La juge de district Ellen Segal Huvelle a ordonné la libération de Mohammed Jawad à compter du 21 août. Elle a également ordonné au gouvernement de le traiter « avec humanité ». Cependant, contrairement à ce que demandaient les avocats du jeune homme, elle ne s’est pas opposée à ce qu’il soit encagoulé ou entravé lors de son transfert hors de Guantánamo.

La décision de justice ordonnant sa libération intervient trois ans et demi après le premier recours contestant la légalité de la détention de Mohammed Jawad déposé auprès d’un tribunal fédéral de district. Il n’avait pas plus de dix-sept ans lorsqu’il a été placé en détention à Kaboul ; les autorités afghanes affirment pour leur part qu’il était alors âgé de douze ans. Les États-Unis n’ont pas tenu compte du jeune âge de Mohammed Jawad au moment de son arrestation, contrairement à ce que prévoit le droit international.

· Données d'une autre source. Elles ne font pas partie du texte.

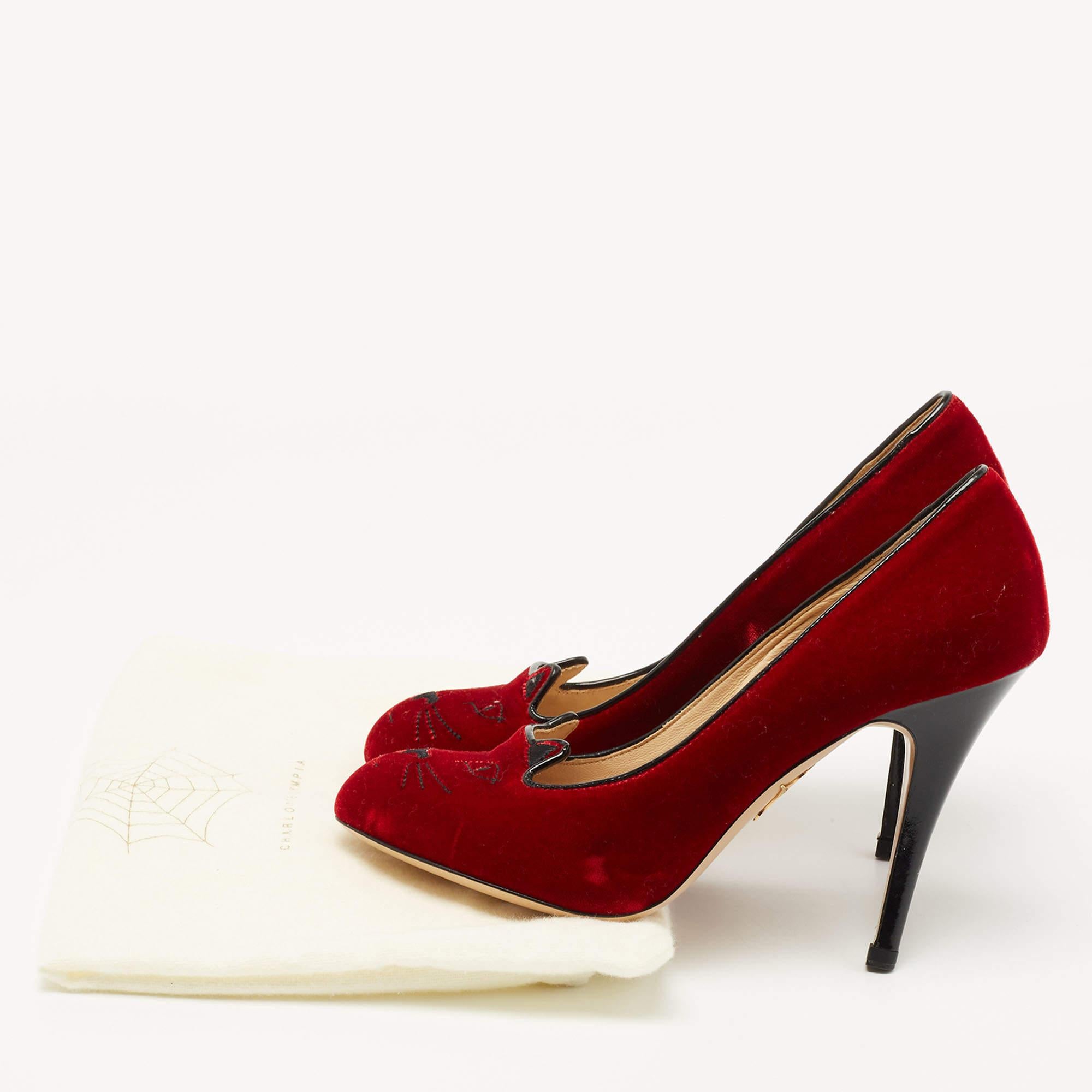 Charlotte Olympia Red Velvet Embroidered Kitty Pumps Size 37.5 For Sale 5
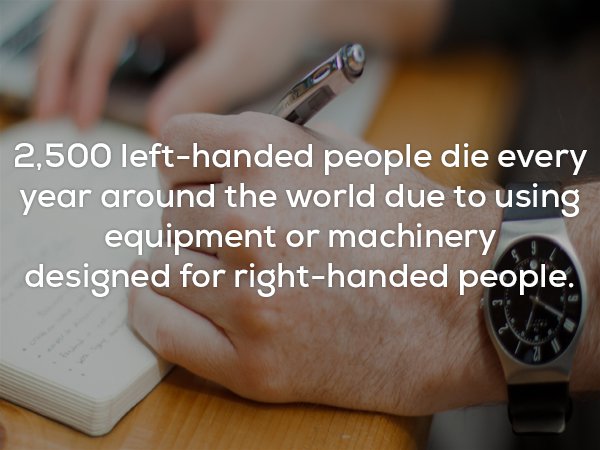 creep facts - 2,500 lefthanded people die every year around the world due to using equipment or machinery designed for righthanded people.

Malgré cette décision judiciaire, la libération de Mohammed Jawad n’est pas garantie. Les chefs d’inculpation retenus contre lui en 2008 en vue d’un procès devant une commission militaire ont été abandonnés le 31 juillet 2009, mais le ministère de la Justice américain s’est réservé la possibilité de l’inculper et de le transférer aux États-Unis afin qu’il soit jugé devant un tribunal fédéral. La judge Huvelle, qui avait au début du mois admonesté le gouvernement en raison de sa conduite dans cette affaire, qu’elle a qualifié de « scandaleuse », a averti qu’une telle initiative se heurterait à d’importants obstacles.

Actuellement, 229 personnes sont toujours détenues à Guantánamo – 95 % du total recensé au moment de l’investiture du nouveau président des États-Unis, le 20 janvier de cette année. De plus, treize mois et demi après que la Cour suprême des États-Unis a décidé que les détenus avaient droit à une audience « dans les meilleurs délais » afin de contester la légalité de leur détention, de telles audiences n’ont eu lieu que dans un petit nombre de cas. Dans cinq cas, des juges fédéraux ont confirmé la légalité de la détention, et dans 29 autres cas, des juges ont estimé que la détention était illégale et ordonné la libération des détenus.

Vingt de ces 29 personnes sont cependant toujours en détention, dans certains cas plusieurs mois après que la justice a ordonné leur libération. Ils attendent que les négociations diplomatiques relatives à leur transfert aboutissent, ou que le gouvernement américain change de politique et cesse de refuser que ceux pour lesquels il n’existe actuellement aucune autre solution soient relâchés aux États-Unis.